Porque não sou Alberto Moravia, não sou comunista, não sou italiano e,
principalmente, ainda não morri. Portanto, não é bom para mim sair por
aí concordando ou discordando das coisas, como se eu fosse, sei lá,
livre como os árbitros do meu arbítrio. Não: para mim, Brasília fica
sendo só brega mesmo.
Brasília,
portanto, só se aguenta ficando do lado de fora. Você só gosta dela se
não estiver nela, só a curte se puser uns quilômetros de permeio entre a
sua pessoa e o concreto modernista e aviador.
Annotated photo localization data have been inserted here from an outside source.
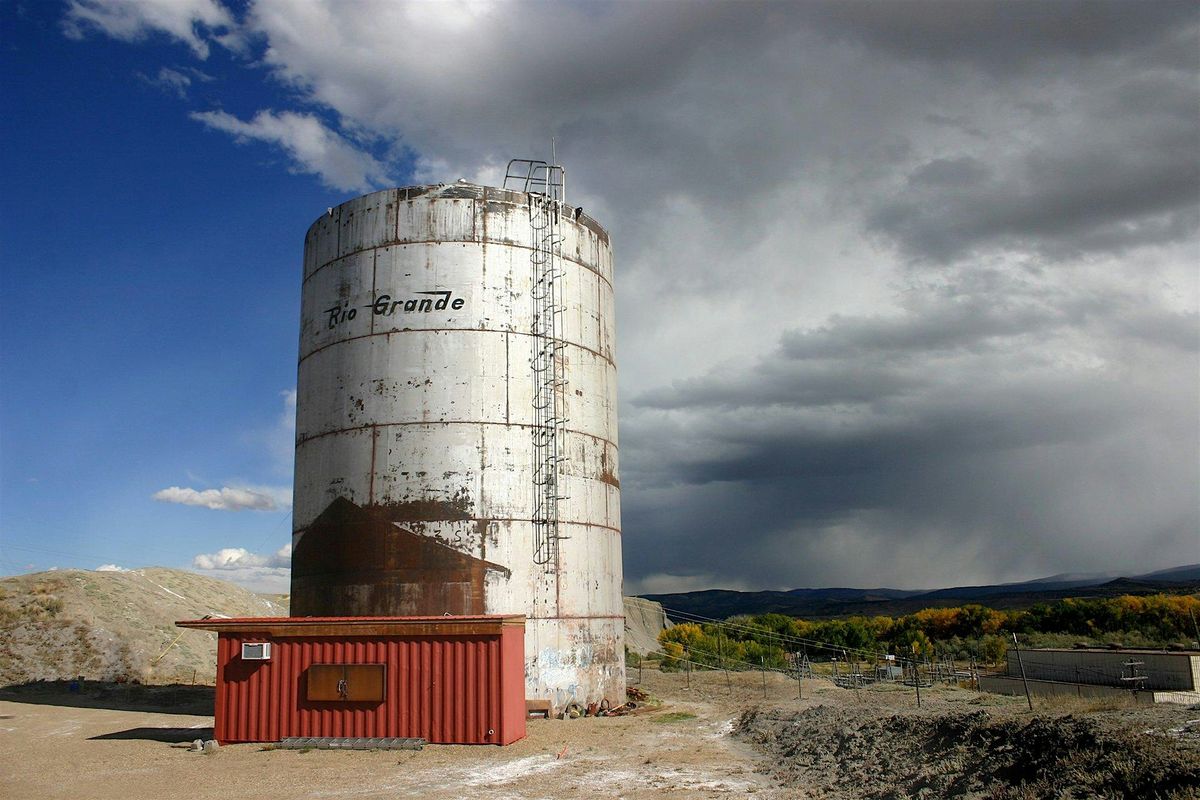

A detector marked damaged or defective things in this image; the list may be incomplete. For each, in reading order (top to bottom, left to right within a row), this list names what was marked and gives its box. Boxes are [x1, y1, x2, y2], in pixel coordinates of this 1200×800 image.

rust stain on tank [298, 496, 511, 618]
rusty white tank [290, 179, 624, 705]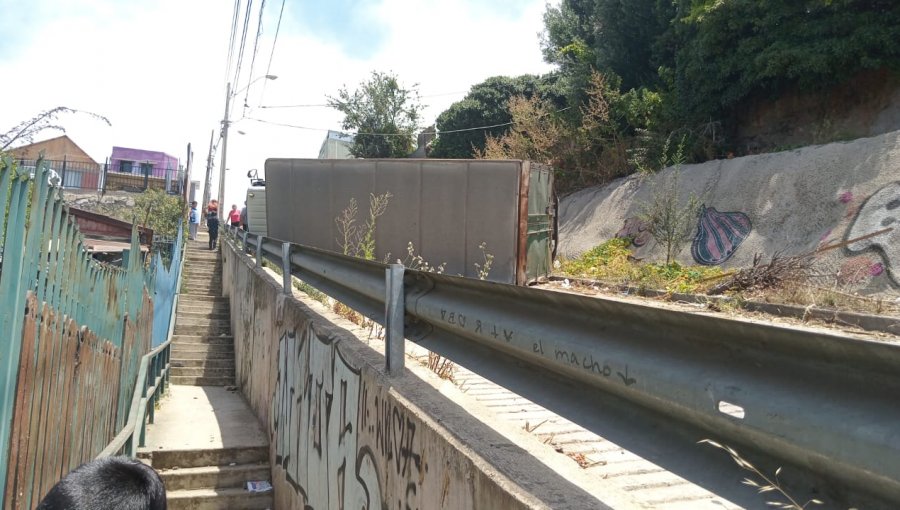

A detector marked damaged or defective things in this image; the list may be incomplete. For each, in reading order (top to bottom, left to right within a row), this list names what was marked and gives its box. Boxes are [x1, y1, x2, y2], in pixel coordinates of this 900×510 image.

rusty truck container [262, 158, 556, 284]
overturned truck [262, 158, 556, 284]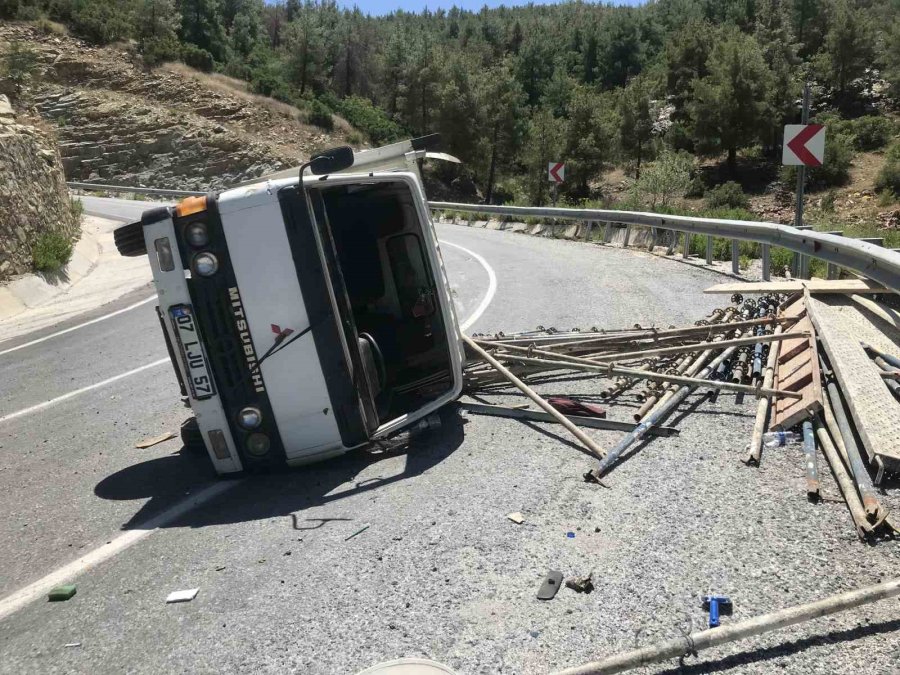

Daí que eu nem sonhe em
culpar o excelso senhor presidente por passar tão pouco tempo por lá;
eu, no lugar dele, também passaria o menos tempo que pudesse.
* * *
Consulto
um jurista amigo meu (que, modesto, opta pelo anonimato) o que ele acha
dessa história de “afastamento excepcional de garantias individuais”.
Depois que eu o agarrei (ele teve uma vontade súbita de sair correndo,
sei lá por que), eis a resposta que ele me deu:
—
O termo de interesse dessa expressão é “excepcional”, que aí não é
usado no sentido de “ocasional, de vez em quando, em modo de exceção”,
mas sim no de “ótimo, muito bom, superbacana, excelente, é por aí
mesmo”.
— E isso é bom ou ruim? – perguntei, confuso com o juridiquês.
Mas dessa vez não consegui segurá-lo: ele correu e, pelo que sei, está correndo até agora.